A Preliminary Port and Evaluation of the Uintah AMT Runtime on Sunway TaihuLight
Z. Yang, D. Sahasrabudhe, A. Humphrey, M. Berzins.
In 9th IEEE International Workshop on Parallel and Distributed Scientific and Engineering Computing (PDSEC 2018), IEEE, May, 2018.
Figure 1: Uintah's asynchronous scheduler for Sunway TaihuLight. The main thread runs on Management Processing Element (MPE) of Sunway's SW26010 processor and asynchronously offloads kernels Computing Processing Elements(CPEs).
Abstract
The Sunway TaihuLight is the world’s fastest supercomputer at present, with a low power consumption per flop and a unique set of architectural features. Applications performance depends heavily on being able to adapt codes to make the best use of these features.
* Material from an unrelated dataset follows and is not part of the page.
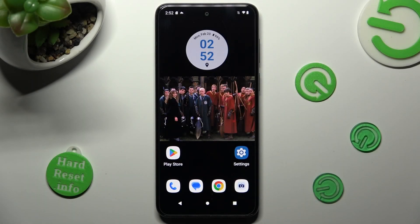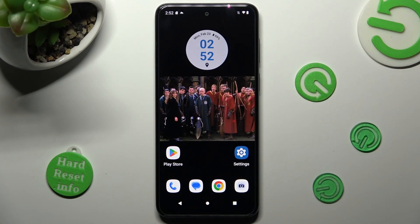Hi, in front of me is Motorola Moto G13, and today I would like to show you how you can switch on or off app notifications on this Motorola.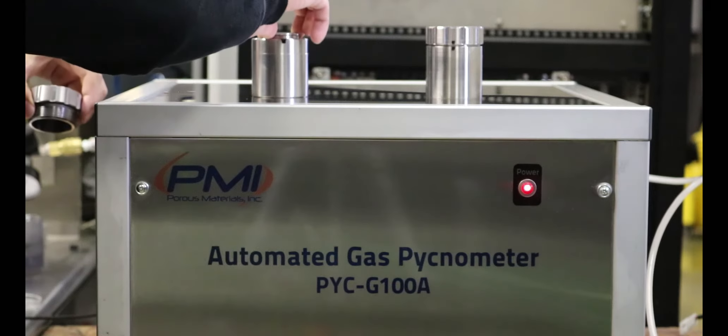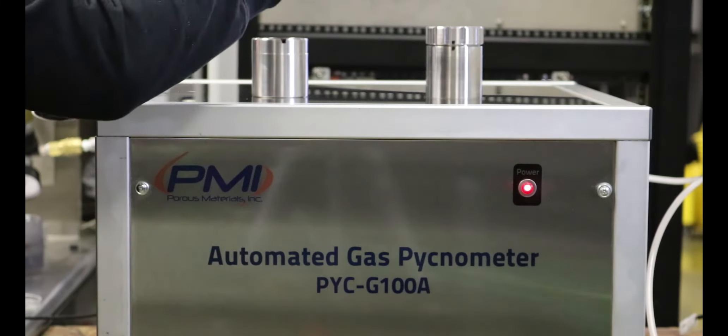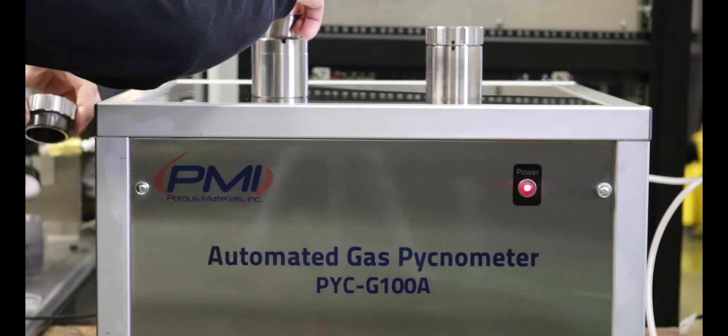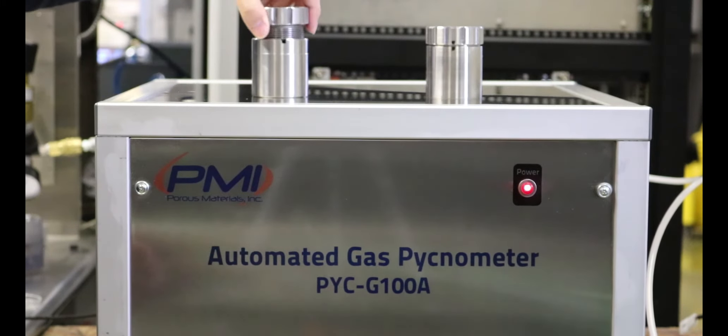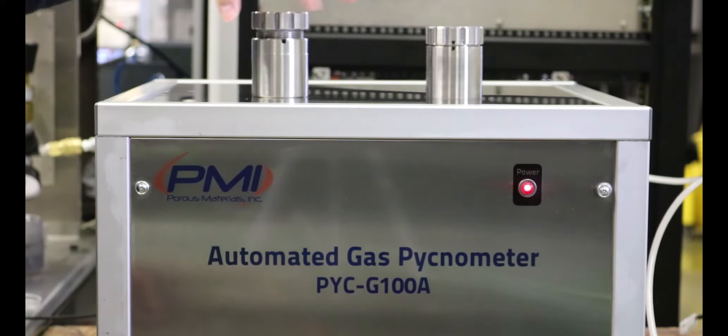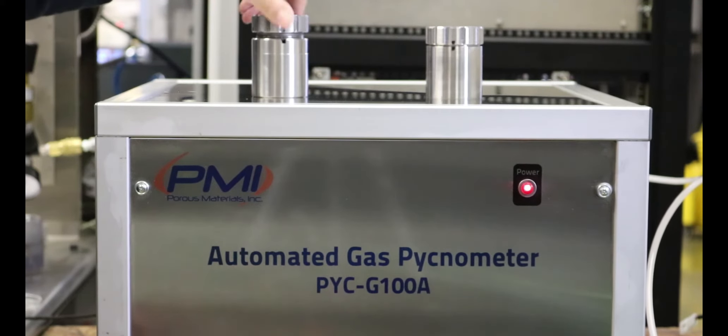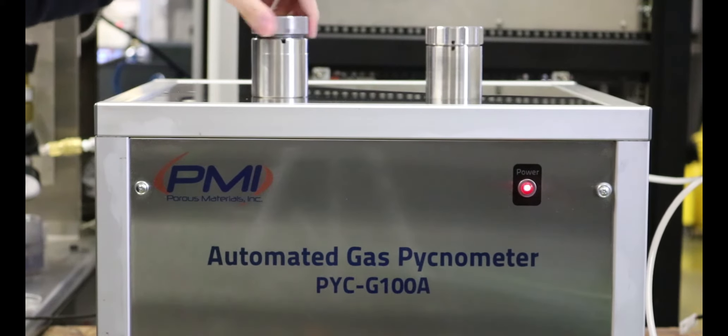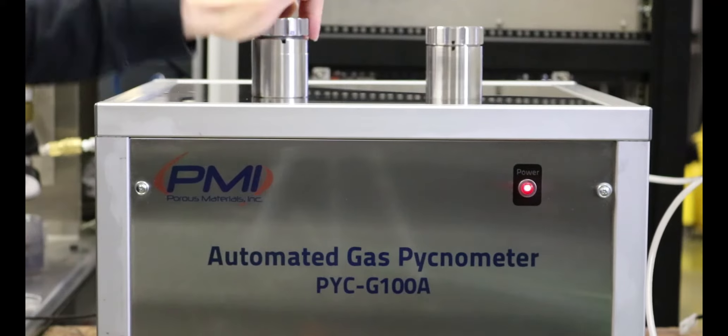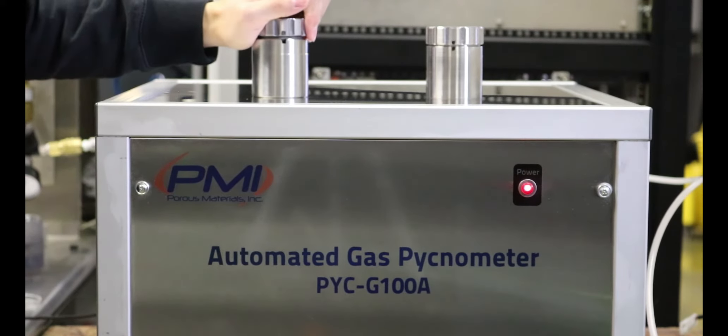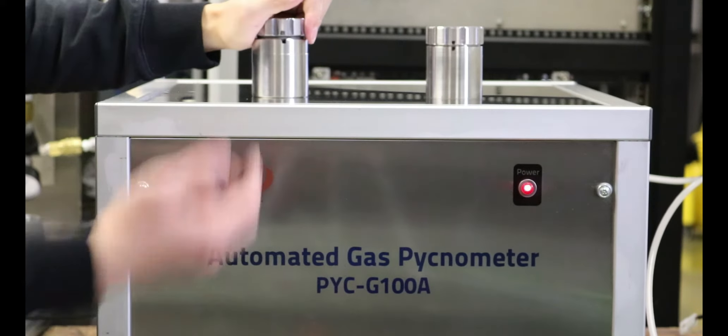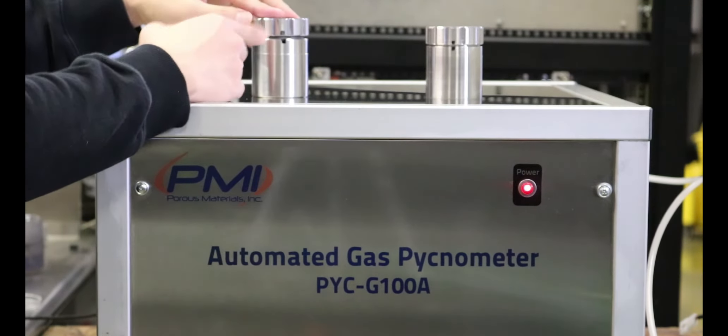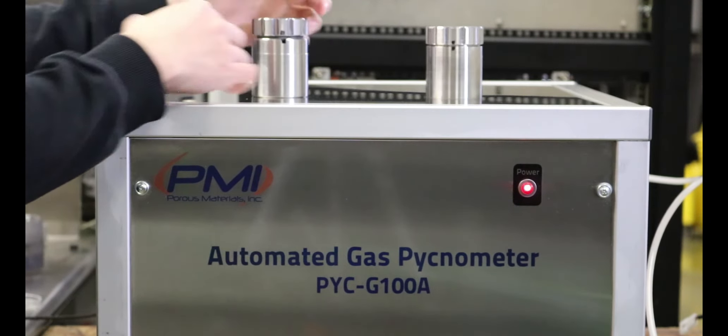Once calibration is complete, the user may begin measuring samples with the PYCG100A. The procedure is essentially the same as with the calibration sequence. Open the desired sample chamber and insert the sample to be tested.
Porting large codes to novel architectures such as Sunway is both time-consuming and expensive, as modifications throughout the code may be needed. One alternative to conventional porting is to consider an approach based upon Asynchronous Many Task (AMT) Runtimes such as the Uintah framework considered here. Uintah structures the problem as a series of tasks that are executed by the runtime via a task scheduler. The central challenge in porting a large AMT runtime like Uintah is thus to consider how to devise an appropriate scheduler and how to write tasks to take advantage of a particular architecture. It will be shown how an asynchronous Sunway-specific scheduler, based uponMPI and athreads, may be written and how individual task-code for a typical but model structured-grid fluid-flow problem needs to be refactored. Preliminary experiments show that it is possible to obtain a strong-scaling efficiency ranging from 31.7%to 96.1% for different problem sizes with full optimizations. The asynchronous scheduler developed here improves the overall performance over a synchronous alternative by at most 22.8%, and the fluid-flow simulation reaches 1.17% the theoretical peak of the running nodes. Conclusions are drawn for the porting of full-scale Uintah applications.
Figure 2: Performance comparison of (i) synchronous host only execution (host.sync), (ii) asynchronous execution with CPE offload (acc.async), and (iii) asynchronous execution with CPE offload and vectorization. Strong scaling across Compute Groups (CGs) is also clearly visible.